- TASK DESCRIPTION:
Return only the final portion of the entries: the line with "Designer Crushed Tissue" and every line after it, each one exact.

Excerpts from a dataset:
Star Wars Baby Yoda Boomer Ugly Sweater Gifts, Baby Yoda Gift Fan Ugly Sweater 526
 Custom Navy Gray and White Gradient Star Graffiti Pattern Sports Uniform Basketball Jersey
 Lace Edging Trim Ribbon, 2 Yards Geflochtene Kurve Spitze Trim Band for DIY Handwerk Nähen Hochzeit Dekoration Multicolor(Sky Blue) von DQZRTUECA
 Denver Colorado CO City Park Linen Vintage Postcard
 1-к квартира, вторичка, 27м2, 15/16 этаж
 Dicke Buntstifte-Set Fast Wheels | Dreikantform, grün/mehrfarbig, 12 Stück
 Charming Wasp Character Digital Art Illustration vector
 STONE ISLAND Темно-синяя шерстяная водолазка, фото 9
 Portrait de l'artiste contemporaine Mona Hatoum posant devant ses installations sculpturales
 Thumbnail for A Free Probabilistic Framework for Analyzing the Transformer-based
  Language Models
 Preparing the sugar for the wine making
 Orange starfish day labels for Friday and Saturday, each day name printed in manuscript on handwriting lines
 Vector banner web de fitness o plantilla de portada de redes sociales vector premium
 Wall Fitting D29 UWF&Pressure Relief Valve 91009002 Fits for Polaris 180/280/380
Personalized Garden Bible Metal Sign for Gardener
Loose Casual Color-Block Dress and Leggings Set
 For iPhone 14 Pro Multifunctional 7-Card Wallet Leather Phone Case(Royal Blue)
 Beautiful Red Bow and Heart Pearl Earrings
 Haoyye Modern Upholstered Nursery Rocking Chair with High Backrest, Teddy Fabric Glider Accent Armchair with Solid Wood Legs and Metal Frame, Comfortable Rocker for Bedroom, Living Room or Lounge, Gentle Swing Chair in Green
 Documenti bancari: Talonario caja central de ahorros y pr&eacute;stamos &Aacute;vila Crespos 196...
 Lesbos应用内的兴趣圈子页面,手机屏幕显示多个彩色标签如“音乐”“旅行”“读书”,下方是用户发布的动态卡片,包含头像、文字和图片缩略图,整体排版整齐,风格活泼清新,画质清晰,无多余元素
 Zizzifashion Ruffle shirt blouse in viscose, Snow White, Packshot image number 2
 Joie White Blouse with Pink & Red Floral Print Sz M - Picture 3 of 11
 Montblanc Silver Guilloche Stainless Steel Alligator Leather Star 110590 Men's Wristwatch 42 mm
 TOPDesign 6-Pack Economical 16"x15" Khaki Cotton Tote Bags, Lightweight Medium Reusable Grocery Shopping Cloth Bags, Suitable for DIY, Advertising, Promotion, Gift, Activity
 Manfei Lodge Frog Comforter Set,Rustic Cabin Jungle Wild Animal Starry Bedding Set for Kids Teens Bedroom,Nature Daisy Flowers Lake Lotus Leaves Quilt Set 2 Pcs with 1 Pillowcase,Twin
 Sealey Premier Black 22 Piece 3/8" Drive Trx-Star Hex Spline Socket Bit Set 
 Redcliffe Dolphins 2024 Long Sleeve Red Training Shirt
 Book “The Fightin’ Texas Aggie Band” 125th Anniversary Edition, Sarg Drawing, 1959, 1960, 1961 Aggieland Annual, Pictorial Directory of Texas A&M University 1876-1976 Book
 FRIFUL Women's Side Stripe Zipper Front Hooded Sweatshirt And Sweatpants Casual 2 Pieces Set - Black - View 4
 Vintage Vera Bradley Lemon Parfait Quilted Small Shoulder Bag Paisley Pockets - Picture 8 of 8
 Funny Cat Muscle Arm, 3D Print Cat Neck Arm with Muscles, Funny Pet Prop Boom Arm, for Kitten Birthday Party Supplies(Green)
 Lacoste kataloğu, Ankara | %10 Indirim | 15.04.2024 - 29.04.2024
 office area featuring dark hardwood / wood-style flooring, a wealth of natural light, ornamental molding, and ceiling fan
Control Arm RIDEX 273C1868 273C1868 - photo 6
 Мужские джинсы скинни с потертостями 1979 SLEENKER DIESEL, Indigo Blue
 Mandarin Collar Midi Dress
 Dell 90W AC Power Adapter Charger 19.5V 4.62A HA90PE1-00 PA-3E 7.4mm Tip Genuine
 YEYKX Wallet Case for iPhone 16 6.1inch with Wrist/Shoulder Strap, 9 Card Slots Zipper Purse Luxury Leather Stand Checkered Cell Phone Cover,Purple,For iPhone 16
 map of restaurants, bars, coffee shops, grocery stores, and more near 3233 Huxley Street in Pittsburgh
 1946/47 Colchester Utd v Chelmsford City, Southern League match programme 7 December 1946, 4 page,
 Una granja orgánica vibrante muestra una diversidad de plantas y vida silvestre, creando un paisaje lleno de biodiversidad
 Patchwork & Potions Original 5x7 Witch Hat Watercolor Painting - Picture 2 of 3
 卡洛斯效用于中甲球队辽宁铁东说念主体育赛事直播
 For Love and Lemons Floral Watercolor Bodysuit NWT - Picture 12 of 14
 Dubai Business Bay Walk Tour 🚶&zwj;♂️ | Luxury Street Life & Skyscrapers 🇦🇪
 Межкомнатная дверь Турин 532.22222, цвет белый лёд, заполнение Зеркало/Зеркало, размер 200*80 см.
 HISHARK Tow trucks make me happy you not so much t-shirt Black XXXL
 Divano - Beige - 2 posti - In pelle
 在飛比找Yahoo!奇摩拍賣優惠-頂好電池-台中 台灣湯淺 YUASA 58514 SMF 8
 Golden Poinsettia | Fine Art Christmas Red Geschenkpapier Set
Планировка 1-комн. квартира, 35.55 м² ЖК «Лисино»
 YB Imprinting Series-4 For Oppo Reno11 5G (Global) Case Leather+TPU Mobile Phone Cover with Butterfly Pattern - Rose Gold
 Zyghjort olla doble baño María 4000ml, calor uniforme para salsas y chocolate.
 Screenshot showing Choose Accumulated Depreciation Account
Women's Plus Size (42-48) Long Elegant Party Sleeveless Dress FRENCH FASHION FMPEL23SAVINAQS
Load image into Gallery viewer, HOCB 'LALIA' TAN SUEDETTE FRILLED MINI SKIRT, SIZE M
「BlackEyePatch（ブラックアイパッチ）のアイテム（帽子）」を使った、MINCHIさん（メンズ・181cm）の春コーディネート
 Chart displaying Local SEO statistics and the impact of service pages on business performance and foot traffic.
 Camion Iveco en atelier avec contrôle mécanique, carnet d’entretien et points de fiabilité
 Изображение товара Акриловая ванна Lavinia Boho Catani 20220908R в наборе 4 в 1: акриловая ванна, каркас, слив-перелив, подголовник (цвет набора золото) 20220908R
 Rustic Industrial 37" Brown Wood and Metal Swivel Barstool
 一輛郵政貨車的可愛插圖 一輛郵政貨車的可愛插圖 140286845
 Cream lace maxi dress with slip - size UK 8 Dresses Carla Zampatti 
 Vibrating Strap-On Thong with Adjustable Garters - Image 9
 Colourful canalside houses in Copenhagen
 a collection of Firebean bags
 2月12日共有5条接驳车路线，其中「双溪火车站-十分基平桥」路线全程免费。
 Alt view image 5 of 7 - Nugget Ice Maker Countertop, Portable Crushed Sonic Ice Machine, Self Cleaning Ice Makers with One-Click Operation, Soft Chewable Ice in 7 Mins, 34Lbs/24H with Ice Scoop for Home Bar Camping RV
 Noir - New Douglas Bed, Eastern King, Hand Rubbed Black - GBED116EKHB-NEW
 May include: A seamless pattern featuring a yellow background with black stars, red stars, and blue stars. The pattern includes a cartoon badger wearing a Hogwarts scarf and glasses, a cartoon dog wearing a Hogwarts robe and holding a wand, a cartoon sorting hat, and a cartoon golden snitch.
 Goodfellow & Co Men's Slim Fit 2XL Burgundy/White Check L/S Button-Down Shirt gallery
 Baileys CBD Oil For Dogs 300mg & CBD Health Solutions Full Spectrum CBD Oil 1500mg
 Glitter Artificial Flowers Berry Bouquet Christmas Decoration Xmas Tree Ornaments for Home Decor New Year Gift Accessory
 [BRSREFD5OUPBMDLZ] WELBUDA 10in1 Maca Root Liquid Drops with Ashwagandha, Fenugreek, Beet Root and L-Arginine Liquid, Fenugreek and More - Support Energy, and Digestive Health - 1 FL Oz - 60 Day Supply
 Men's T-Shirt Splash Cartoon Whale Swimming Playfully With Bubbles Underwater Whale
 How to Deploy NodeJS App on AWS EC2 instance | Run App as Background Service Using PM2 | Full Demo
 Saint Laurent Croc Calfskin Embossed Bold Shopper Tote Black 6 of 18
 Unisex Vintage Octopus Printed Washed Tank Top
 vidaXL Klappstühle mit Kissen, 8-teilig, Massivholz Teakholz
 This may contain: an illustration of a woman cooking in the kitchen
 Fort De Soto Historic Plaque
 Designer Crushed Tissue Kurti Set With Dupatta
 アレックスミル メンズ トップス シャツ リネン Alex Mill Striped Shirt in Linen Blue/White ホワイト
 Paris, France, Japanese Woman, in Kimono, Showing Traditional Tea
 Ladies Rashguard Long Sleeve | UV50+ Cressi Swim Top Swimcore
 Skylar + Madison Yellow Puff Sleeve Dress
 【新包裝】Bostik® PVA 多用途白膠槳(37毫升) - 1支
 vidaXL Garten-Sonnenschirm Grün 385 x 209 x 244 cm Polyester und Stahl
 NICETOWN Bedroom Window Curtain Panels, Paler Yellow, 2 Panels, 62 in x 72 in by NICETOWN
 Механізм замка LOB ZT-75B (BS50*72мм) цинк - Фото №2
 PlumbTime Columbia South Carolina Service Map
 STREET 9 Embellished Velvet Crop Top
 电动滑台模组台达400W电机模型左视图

- RESPONSE:
 Designer Crushed Tissue Kurti Set With Dupatta
 アレックスミル メンズ トップス シャツ リネン Alex Mill Striped Shirt in Linen Blue/White ホワイト
 Paris, France, Japanese Woman, in Kimono, Showing Traditional Tea
 Ladies Rashguard Long Sleeve | UV50+ Cressi Swim Top Swimcore
 Skylar + Madison Yellow Puff Sleeve Dress
 【新包裝】Bostik® PVA 多用途白膠槳(37毫升) - 1支
 vidaXL Garten-Sonnenschirm Grün 385 x 209 x 244 cm Polyester und Stahl
 NICETOWN Bedroom Window Curtain Panels, Paler Yellow, 2 Panels, 62 in x 72 in by NICETOWN
 Механізм замка LOB ZT-75B (BS50*72мм) цинк - Фото №2
 PlumbTime Columbia South Carolina Service Map
 STREET 9 Embellished Velvet Crop Top
 电动滑台模组台达400W电机模型左视图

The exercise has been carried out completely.